If samples perfectly reflected the population, a current 2022 poll of 1000 Americans would include 124 Black respondents, based on Census figures. During the early years of public opinion polling in the 1930s and 1940s, Black Americans would have represented about 10% of the total population. But for various reasons, most polls have underrepresented the Black population. In some early polling, this was by design. For instance, in many parts of the country and particularly in the South, Black Americans were systemically excluded from voting access. Around that time, the Gallup Organization depended heavily on electoral participation as a control in their polling, which was intended to represent a population with political and economic influence, causing Black Americans to be systematically underrepresented. Most of the time, however, Black Americans have been underrepresented in polling because longstanding survey methods have a poor track-record of reaching this group relative to others. For example, Black Americans are younger on average than white[1] Americans, and young people are generally less likely to respond to telephone polls. As a result, a 1000-person national poll might include just 85-95 Black respondents, fewer than the 100-person sample most researchers consider the minimum for analysis.

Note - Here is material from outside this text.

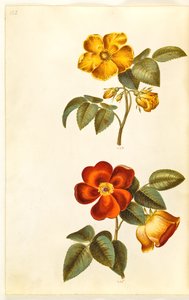 Rosa foetida (rosa amarela); Rosa foetida (rosa turca) de Hans Simon Holtzbecker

Larger sample sizes can help address the challenge of lower response rates. The earliest public opinion polls, which used quota methods, often had very large samples of 3,000 or more. As a result, polling firms that were trying to represent the entire public, not just the influential, often included a sufficient number of Black respondents for analysis purposes. The shift towards more expensive probability-based polling after the 1948 election—a change that unfolded slowly over three decades—resulted in decreased sample sizes and fewer usable Black samples. (See some examples of subgroup analysis by demographic in smaller samples here.)

Still, some organizations recruited large samples despite increased costs. Roper Reports and CBS News, for example, often interviewed over 1500 respondents in the 1970s and 1980s.

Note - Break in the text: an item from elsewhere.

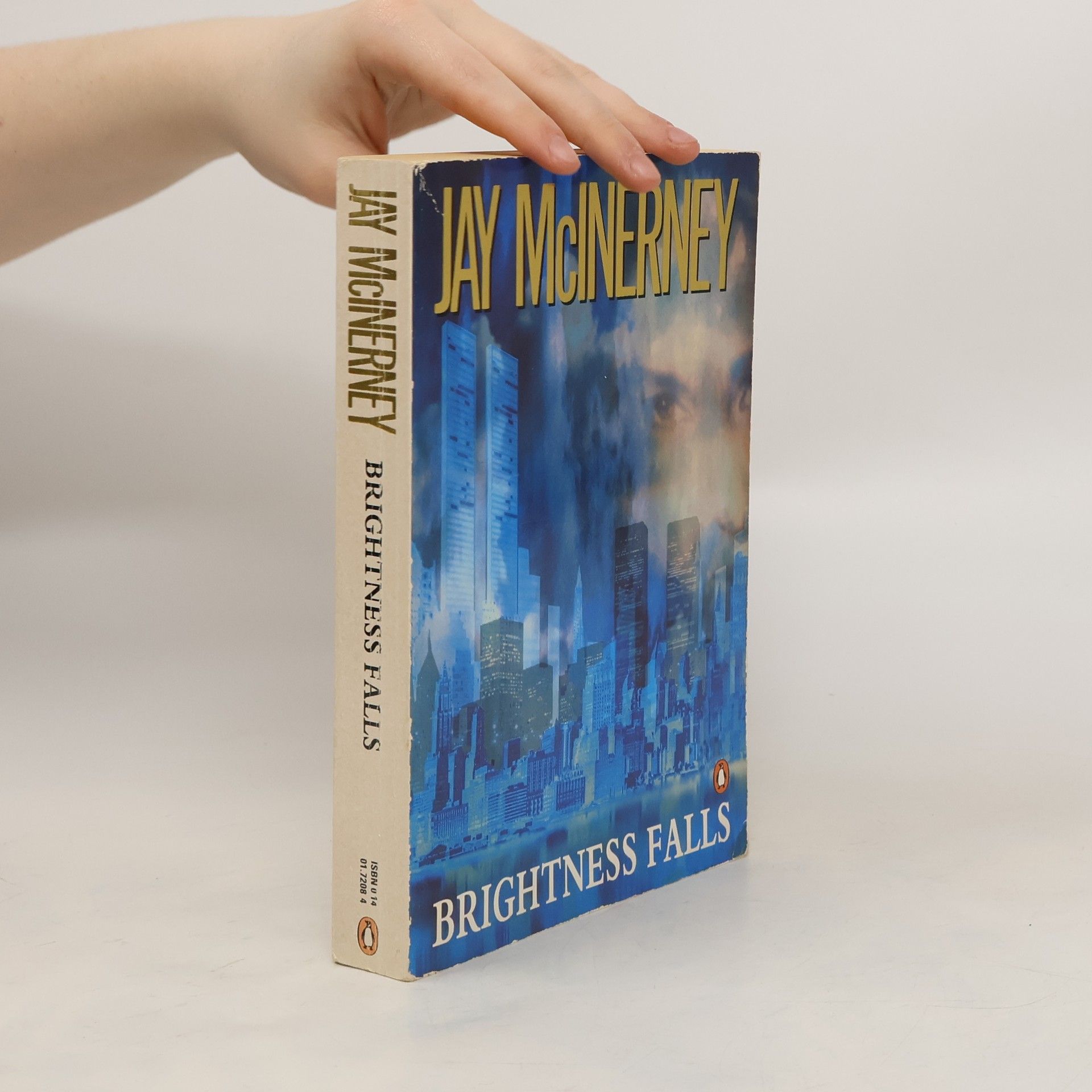 Jay McInerney Brightness Falls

example of chart — Detail of Black Sample Coding Chart.

Click here to download a complete chart with examples from each decade from 1940-2020.

While current national polls generally include between 1000 and 1200 respondents, some are much larger. These include multi-year, federally funded projects like the Cooperative Election Study and media voting polls like the National Election Pool’s National Exit Polls and the AP Votecast series. These projects incorporate online sampling, making larger samples more affordable.

Oversampling Black Americans is another useful strategy. The General Electric Trendex survey series was one of the first to do this, but currently organizations like KFF, AARP, and Pew often include an oversample of Black respondents, while other polls do so when researchers intend to analyze results by race. The Sample Type search and filter field in iPoll will identify both Black samples and oversamples.

Given the limited number of Black samples of sufficient size for analysis, creating tracking over-time change can be particularly challenging. The General Social Survey, which has fielded many of the same questions with each wave since 1972, is one of the best sources for trends. The General Electric Trendex series also repeated many questions over its span. Some example trends from GE and other organizations can be viewed by clicking here.

Racial Identification: Self-identified by Respondent or Coded by the Interviewer?

Another challenge concerns changes in the ways that respondent race was reported. Polling was mainly conducted face-to-face until the 1970s, when Warren Mitofsky helped pioneer Random Digit Dial (RDD) telephone polling. Nearly all face-to-face polls relied on interviewer observation to code respondent race; therefore, racial categories reflected interviewer perceptions, not respondent’s self-identity. Again, the transition to telephone mode did not happen overnight, and some major polling series that continued in person relied on interviewers’ perceptions of respondents’ race for much longer. The General Social Survey, for example, followed this approach in their in-person surveys until 2000, when they began asking respondents to identify their own racial categories.

Racial Categories: Changing Approaches

The racial categories made available within a poll have also changed over time. In the earliest years, polls commonly offered only two options for race: white or “Negro”/“Colored.” NORC specifically trained interviewers to code all racial minorities other than African Americans as white. Race and socioeconomic status were collapsed into a single variable by both NORC and the Roper Organization. NORC’s categories included five levels of socio-economic status for whites, from A to D and “On Relief,” while “Colored” respondents could be coded as only On Relief or not. The Roper Organization had an even starker set of categories: whites could be coded at economic levels A through D, while “Negroes” were not granted any form of economic ranking, a practice that ended in 1945. For detailed information on racial categorization in specific early polls in the Roper Center collection, see the Historical Methods tab on the study record.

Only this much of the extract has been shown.